(Dataset items)
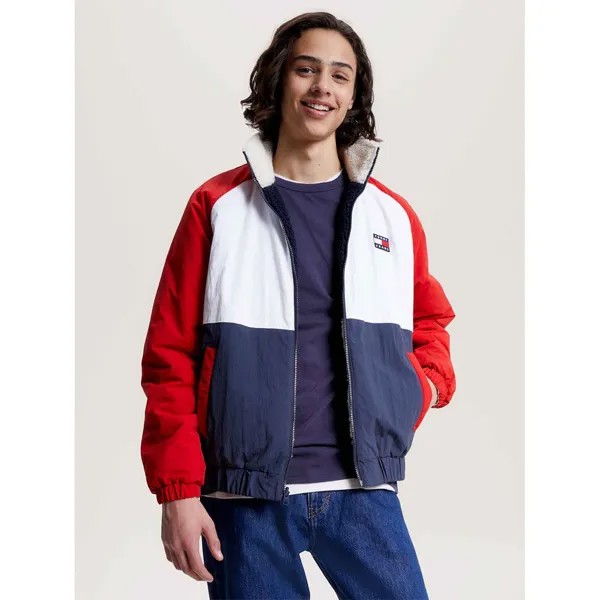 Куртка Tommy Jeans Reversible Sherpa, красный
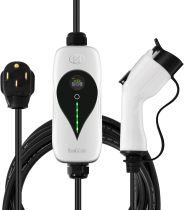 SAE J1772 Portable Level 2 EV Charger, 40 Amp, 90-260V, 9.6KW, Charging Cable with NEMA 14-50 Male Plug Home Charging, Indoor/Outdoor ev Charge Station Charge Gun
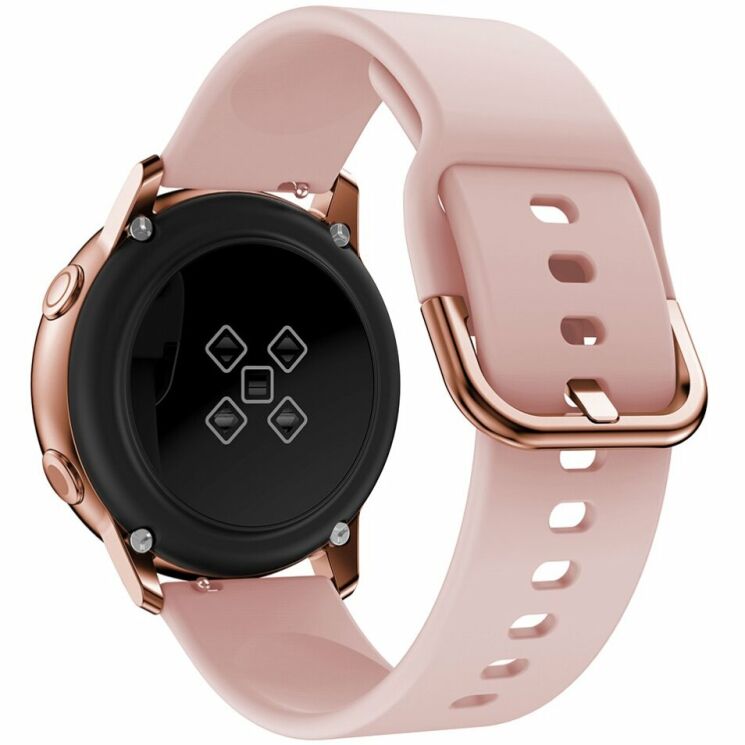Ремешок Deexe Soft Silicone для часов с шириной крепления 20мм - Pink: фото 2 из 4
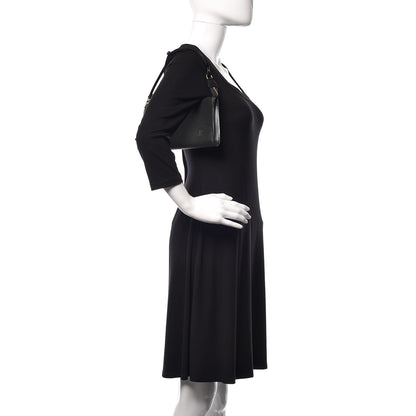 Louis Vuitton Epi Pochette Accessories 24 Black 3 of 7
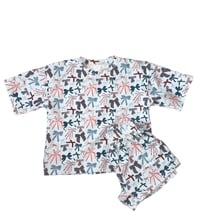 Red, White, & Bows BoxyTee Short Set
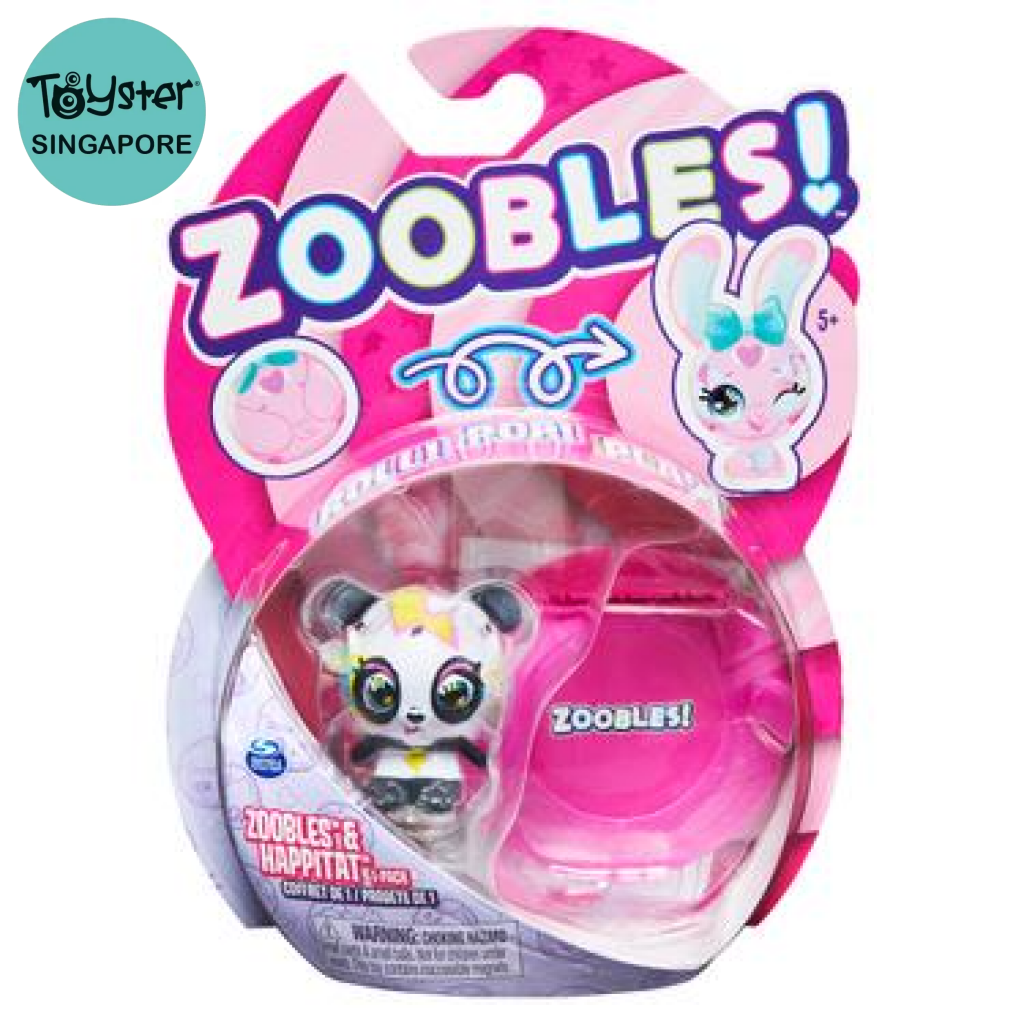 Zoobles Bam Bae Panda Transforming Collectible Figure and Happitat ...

Problem to work on >> In repeating the lines above, keep the wording exact and leave every picture out.

Expected answer >>
 Куртка Tommy Jeans Reversible Sherpa, красный
 SAE J1772 Portable Level 2 EV Charger, 40 Amp, 90-260V, 9.6KW, Charging Cable with NEMA 14-50 Male Plug Home Charging, Indoor/Outdoor ev Charge Station Charge Gun
Ремешок Deexe Soft Silicone для часов с шириной крепления 20мм - Pink: фото 2 из 4
 Louis Vuitton Epi Pochette Accessories 24 Black 3 of 7
 Red, White, & Bows BoxyTee Short Set
 Zoobles Bam Bae Panda Transforming Collectible Figure and Happitat ...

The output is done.